The Call of the Wild


    In 1970 I was twelve years old, living in Claremont, Tasmania. I was a Boy Scout and I had the opportunity (if it can be called such) of attending the Boy Scout Jamboree, which that year was held at Leppington, 55 kilometres out of Sydney. Boys and youths from all over Australia were crammed together for a fortnight, in a pungent melting pot of testosterone and sexual tension. Khaki-coloured tents were erected by everybody, working together; little rain-trenches were dug around the perimeter of each; guy-ropes were tightened. Each tent housed six boys, and each boy was drawn at random out of a hat, so that everybody was forced to mingle with people one wouldn’t necessarily piss on should they be on fire. My tent housed two tough, street-wise fifteen-year-old boys from Sydney, named Lance and Kevin; two fourteen-year-old rapscallions from Melbourne and an attractive deaf mute kid from Adelaide with wavy blonde hair and lean good looks, who was a year older than me. His name was Robin, and I was immediately smitten.      On the second night the two Sydney boys absconded from the camp and hitchhiked into Sydney, ending up in Kings Cross, where they had gained entrance to a strip club. As they had been wearing their scout uniforms at the time, this now seems outrageous, but times were very different then, and their recollections the next day, recounted as we went about our tedious task of lashing some logs together to make a pontoon, seemed so full of precise detail that they could only have been true.
“So, we sat at the table up front”, said Lance, “and this girl was dancing on the stage and then she jumped down and grabbed my fuckin’ head and pushed my face into her fuckin’ bush.” Kevin, the other boy, then demonstrated how the dancing girl had gyrated on the stage, admirably miming her large, wobbling breasts and long, flowing hair. Marcel Marceau would have been proud.
     A few nights later, we all lay in our sleeping bags after an exhausting day of hiking, or rock-climbing, or whatever it might have been that day. The sky was pitch-black and scattered with diamond-bright stars. Someone inevitably began talking about girls, which alienated me straight away. I turned to the canvas wall, knowing that I would never be able to join the banter about breasts and vaginas and the like. I hovered on the delicious abyss of sleep for some time, and then I heard one of the boys mention Robin’s name. I pricked up my ears. The boys wondered how anyone would be able to wake Robin up, seeing as he could hear nothing, and therefore wouldn’t respond to anyone calling his name. Someone called out, “Robin!” Robin continued sleeping, tucked up in his bag.
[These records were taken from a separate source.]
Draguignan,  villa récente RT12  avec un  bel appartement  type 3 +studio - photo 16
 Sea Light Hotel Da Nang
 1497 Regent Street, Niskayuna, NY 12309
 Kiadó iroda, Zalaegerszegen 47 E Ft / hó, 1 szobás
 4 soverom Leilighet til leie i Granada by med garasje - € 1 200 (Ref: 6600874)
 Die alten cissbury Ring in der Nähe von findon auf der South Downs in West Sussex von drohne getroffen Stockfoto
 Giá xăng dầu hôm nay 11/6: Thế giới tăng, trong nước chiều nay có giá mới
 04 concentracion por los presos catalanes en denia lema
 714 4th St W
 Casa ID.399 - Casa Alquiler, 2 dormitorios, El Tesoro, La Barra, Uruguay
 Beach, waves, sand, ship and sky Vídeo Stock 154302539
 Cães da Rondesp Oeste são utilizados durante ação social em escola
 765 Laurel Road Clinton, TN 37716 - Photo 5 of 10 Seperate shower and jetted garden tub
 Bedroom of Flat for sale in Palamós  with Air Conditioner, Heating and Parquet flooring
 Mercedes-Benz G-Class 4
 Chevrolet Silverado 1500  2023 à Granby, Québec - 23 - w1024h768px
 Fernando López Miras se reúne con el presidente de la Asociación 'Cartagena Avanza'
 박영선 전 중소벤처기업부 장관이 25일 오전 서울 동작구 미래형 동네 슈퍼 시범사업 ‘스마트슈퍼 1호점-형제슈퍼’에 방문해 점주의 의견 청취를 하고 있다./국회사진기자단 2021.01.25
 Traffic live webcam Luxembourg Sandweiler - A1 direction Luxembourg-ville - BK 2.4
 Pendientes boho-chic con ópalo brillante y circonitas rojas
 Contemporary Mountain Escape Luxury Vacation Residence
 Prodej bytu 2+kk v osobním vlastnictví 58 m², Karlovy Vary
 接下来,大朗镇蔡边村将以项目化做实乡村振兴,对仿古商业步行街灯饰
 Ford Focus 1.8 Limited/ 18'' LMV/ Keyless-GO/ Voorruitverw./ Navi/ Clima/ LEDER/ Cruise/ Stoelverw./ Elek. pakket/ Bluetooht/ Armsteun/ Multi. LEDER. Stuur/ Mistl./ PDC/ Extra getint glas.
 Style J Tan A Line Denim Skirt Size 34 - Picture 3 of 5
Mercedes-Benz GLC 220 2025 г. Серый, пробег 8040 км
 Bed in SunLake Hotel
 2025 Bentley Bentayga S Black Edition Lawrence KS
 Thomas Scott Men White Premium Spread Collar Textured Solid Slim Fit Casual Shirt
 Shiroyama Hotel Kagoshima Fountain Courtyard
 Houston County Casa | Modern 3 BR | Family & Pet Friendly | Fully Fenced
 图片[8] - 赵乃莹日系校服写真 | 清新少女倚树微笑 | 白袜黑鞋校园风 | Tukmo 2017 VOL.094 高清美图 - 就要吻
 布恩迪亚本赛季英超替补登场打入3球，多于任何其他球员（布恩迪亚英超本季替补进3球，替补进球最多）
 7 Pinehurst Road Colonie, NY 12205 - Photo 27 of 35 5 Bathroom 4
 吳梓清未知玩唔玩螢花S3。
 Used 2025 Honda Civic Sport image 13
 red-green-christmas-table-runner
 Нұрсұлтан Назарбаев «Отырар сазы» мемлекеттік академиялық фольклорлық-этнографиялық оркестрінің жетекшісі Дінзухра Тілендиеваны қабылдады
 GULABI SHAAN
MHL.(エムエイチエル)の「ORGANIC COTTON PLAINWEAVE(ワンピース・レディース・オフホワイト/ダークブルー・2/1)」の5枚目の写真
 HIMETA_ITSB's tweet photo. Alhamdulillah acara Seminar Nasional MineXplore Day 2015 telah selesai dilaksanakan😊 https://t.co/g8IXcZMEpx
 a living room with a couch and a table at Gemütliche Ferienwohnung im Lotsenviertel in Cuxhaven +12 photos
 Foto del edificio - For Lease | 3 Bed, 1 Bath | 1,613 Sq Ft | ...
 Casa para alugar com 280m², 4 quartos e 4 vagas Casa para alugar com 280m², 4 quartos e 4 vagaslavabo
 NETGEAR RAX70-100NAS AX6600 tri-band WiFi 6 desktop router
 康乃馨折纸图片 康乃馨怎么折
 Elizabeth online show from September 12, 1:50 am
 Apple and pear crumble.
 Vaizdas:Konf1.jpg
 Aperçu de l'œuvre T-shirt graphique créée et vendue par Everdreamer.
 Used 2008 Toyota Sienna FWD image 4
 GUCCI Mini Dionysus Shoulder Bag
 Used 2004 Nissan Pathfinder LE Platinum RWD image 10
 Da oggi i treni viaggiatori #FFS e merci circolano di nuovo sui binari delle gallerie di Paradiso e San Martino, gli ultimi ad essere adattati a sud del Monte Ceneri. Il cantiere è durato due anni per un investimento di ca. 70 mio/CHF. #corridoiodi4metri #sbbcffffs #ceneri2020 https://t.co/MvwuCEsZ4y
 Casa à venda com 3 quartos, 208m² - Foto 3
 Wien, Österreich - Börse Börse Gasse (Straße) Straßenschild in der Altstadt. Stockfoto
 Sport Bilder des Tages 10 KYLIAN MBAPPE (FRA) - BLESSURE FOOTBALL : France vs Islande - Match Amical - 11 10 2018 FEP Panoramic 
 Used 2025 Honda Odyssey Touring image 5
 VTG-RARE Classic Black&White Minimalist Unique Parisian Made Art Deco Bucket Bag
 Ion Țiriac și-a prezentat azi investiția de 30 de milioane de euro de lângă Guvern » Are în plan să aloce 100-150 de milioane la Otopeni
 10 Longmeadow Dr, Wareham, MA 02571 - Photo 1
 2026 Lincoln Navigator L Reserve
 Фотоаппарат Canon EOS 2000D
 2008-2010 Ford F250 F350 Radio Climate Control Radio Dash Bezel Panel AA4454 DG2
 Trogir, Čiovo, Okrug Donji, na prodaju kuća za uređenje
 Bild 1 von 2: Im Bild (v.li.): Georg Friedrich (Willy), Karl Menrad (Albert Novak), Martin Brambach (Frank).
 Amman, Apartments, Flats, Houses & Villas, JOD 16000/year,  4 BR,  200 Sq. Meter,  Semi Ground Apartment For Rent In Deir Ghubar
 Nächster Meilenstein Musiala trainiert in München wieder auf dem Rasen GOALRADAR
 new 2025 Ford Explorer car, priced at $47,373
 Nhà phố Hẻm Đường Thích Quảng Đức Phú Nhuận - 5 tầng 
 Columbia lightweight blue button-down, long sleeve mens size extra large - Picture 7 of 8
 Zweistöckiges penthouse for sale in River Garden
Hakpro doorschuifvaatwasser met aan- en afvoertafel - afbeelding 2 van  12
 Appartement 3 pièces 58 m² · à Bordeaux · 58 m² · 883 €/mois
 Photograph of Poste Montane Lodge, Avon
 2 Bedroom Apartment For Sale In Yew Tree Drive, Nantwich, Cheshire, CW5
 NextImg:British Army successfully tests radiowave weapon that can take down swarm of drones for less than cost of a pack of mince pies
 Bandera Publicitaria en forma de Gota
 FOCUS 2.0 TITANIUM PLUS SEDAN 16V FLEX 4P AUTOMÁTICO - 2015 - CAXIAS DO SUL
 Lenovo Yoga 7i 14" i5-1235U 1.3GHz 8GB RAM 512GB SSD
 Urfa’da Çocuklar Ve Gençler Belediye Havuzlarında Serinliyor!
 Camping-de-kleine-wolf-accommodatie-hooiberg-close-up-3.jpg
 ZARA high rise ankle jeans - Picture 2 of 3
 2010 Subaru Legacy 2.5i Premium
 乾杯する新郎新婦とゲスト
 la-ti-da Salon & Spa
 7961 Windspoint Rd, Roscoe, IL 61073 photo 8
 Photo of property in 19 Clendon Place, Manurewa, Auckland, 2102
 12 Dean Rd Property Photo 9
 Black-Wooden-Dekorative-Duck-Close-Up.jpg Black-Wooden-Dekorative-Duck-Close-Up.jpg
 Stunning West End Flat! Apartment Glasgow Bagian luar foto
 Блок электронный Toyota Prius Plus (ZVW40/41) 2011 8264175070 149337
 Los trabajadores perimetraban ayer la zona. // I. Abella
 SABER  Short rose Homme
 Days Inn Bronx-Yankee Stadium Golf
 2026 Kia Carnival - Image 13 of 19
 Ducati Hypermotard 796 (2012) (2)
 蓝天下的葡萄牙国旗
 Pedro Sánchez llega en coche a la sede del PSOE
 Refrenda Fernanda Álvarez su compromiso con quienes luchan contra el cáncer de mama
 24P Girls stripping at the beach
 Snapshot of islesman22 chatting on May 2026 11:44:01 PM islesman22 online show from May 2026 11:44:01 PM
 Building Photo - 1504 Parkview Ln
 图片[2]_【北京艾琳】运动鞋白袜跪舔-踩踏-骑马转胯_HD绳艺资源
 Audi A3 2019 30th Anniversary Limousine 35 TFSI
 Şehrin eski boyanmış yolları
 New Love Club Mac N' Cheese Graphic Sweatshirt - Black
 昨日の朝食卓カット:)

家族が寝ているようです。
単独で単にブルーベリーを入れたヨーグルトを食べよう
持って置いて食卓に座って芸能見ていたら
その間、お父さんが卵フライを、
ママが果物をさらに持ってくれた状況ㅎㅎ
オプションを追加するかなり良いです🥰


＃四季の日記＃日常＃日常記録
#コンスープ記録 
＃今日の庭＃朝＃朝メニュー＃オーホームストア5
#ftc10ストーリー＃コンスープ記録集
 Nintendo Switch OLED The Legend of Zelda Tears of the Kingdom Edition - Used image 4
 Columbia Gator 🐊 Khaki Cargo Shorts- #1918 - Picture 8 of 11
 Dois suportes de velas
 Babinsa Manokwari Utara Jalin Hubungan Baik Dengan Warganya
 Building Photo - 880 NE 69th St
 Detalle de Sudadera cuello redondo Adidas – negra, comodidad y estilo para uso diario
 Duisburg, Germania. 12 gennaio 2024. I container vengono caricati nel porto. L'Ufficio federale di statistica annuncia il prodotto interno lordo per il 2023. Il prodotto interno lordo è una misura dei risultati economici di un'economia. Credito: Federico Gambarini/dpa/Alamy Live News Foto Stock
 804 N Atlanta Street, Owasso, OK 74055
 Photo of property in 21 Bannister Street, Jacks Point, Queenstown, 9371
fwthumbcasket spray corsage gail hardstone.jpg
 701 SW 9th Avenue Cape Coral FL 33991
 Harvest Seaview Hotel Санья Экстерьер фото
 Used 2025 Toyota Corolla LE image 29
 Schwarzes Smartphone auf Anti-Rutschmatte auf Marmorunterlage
     “Robin!” the boy called again. Robin slumbered on. There was laughter at this new game.
     “ROBIN!!” bellowed another boy at ear-splitting volume. There was much guffawing, now. Still Robin slept on. One of the boys got a torch from the folds of his sleeping bag and shone it around the tent. The light flashed across naked shoulders and grinning faces. One of the Sydney youths then got out of his bag and stood up, naked; with jerking movements of his arms and legs he mimed the stripper’s dance once again, his cock flopping about in the flashed light as though in some lurid discotheque. The boys all laughed excitedly. The weak beam then fell upon Robin’s face, which looked golden and beautiful in repose.
     “Aw! Look at the beautiful lickle baby!” said Lance, “Sleeping beauty.” I knew he was being sarcastic, but what he had said was absolutely correct – Robin was a sleeping beauty. 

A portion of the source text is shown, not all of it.